Na hora da nossa morte



Queridas Senhoras,

o escritor britânico Julian Barnes tem 71 anos e, tanto quanto consegui apurar, encontra-se bem de saúde. Nada a temer (2008) é um livro de memórias, divagações, citações, conversas, reflexões, à volta de um único tema: a morte.

No entanto, não estamos perante uma obra lúgubre, longe disso. Há histórias familiares e memórias de infância, muitas curiosidades sobre a relação com o irmão mais velho, filósofo, que em bebé foi alimentado a biberão e aprendeu cedo a reter as fezes, enquanto Julian mamou e fazia cocó atrás do sofá, esfregando em seguida no chão o produto do seu feito.

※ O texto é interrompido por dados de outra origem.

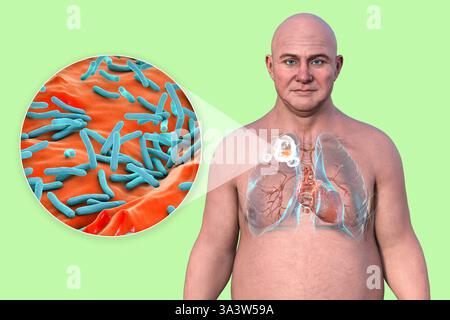 Illustration d'un homme avec des poumons atteints de tuberculose cavitaire dans le lobe supérieur droit, montrant des lésions pulmonaires et des cavités, ainsi qu'une vue rapprochée de la bactérie Mycobacterium tuberculosis. Banque D'Images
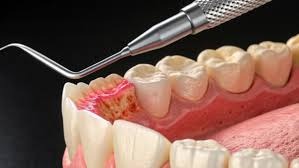 Can pear and alcohol mixtures cure toothaches?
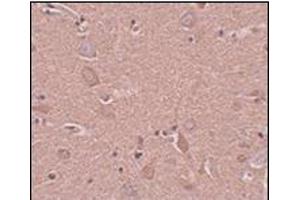 Immunohistochemistry of SRPX1 in human brain tissue with this product at 5 μg/ml. (SRPX Antikörper  (N-Term))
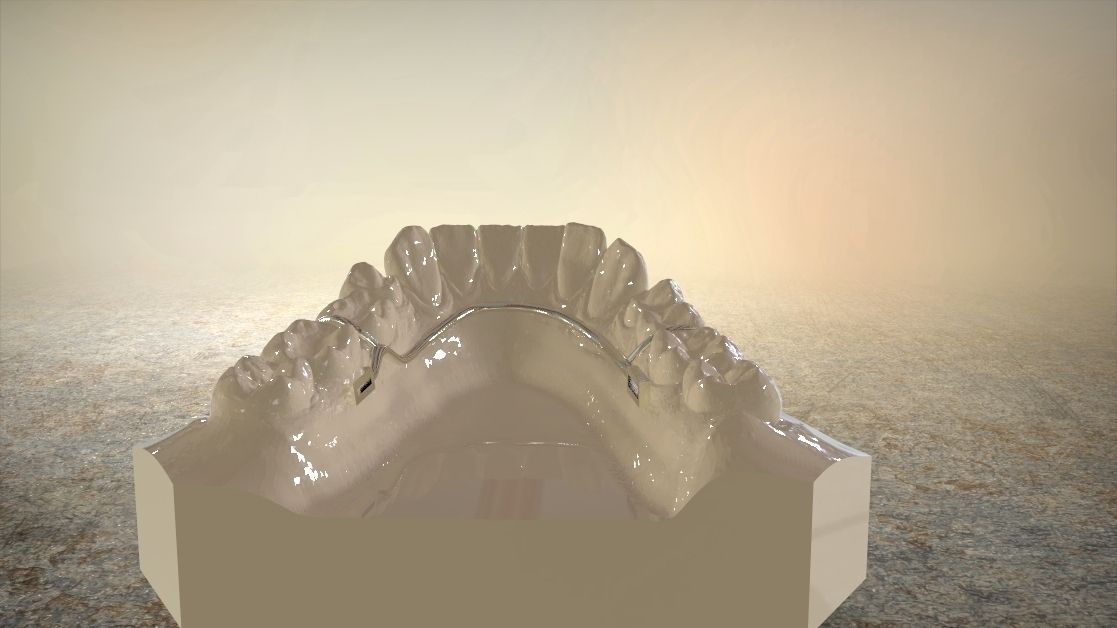 Digital Tanner Splint Orthodontics 3D print model_4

Temos, portanto, bastante humor a tornar mais leve um tema tão pesado. O medo de morrer e o medo da morte (que são coisas diferentes). As visões dos crentes, dos agnósticos e dos ateus. Barnes vai intercalando histórias sombrias e divertidas, vai doseando a aflição e o terror, contrapondo com lições de vida (e de morte) instrutivas e inspiradoras, conselhos práticos, sábios ou simplesmente úteis, como este:

“A nossa única defesa contra a morte - ou melhor, contra o perigo de não conseguir pensar em outra coisa - está na aquisição de preocupações de curto prazo que valham a pena.”

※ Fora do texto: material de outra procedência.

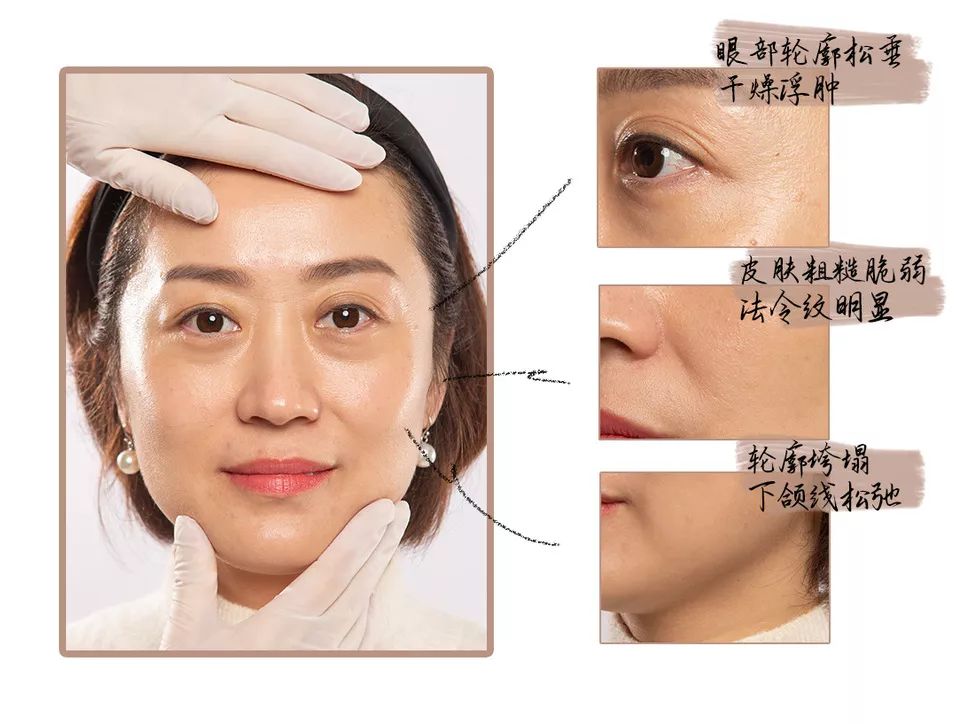 地表最强修复肌肤屏障,地表最强肌诊室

Então é um livro de auto-ajuda? Isso é muito relativo. Para mim, quase todos os livros são de auto-ajuda, na medida em que me ajudam a viver melhor.

Há descrições de várias mortes de escritores e artistas, famous last words, reais ou imaginadas (ou desejadas), mortes fulminantes ou degradações lentas, gente que morre como viveu, gente que afinal não morre, peregrinações a cemitérios em busca de túmulos cobertos de líquenes e epitáfios rasurados.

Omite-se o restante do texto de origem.